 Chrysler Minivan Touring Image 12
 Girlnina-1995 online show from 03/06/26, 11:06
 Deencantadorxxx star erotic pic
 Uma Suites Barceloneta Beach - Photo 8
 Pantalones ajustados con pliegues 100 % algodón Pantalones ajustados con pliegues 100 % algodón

...

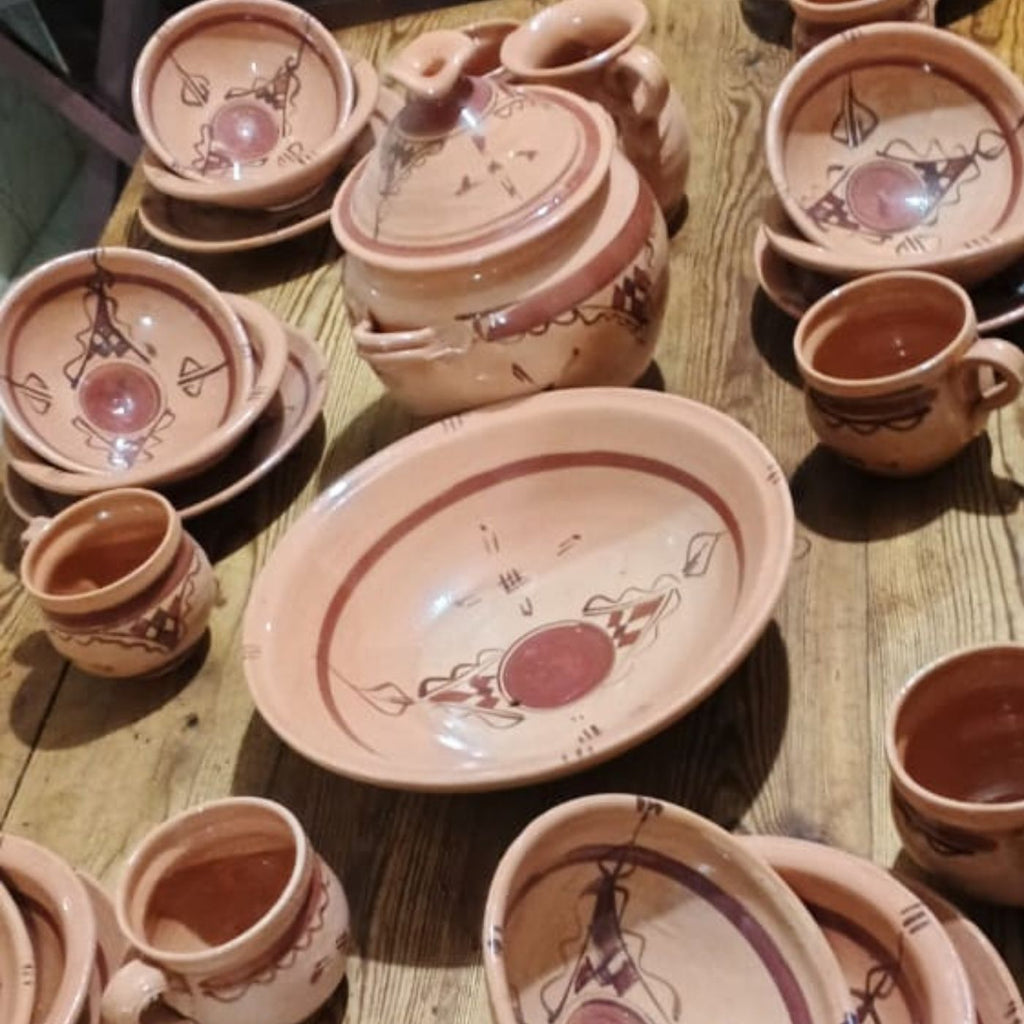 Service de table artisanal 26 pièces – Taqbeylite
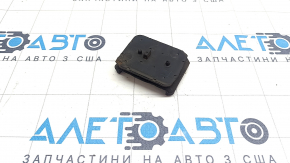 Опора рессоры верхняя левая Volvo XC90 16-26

WHAT IS BEING ASKED
Could you write out, exactly as they stand, only the lines above that begin at the line with "Deencantadorxxx star erotic pic" and stop after the line with "Pantalones ajustados con pliegues 100 % algodón Pantalones"?

RESULT
 Deencantadorxxx star erotic pic
 Uma Suites Barceloneta Beach - Photo 8
 Pantalones ajustados con pliegues 100 % algodón Pantalones ajustados con pliegues 100 % algodón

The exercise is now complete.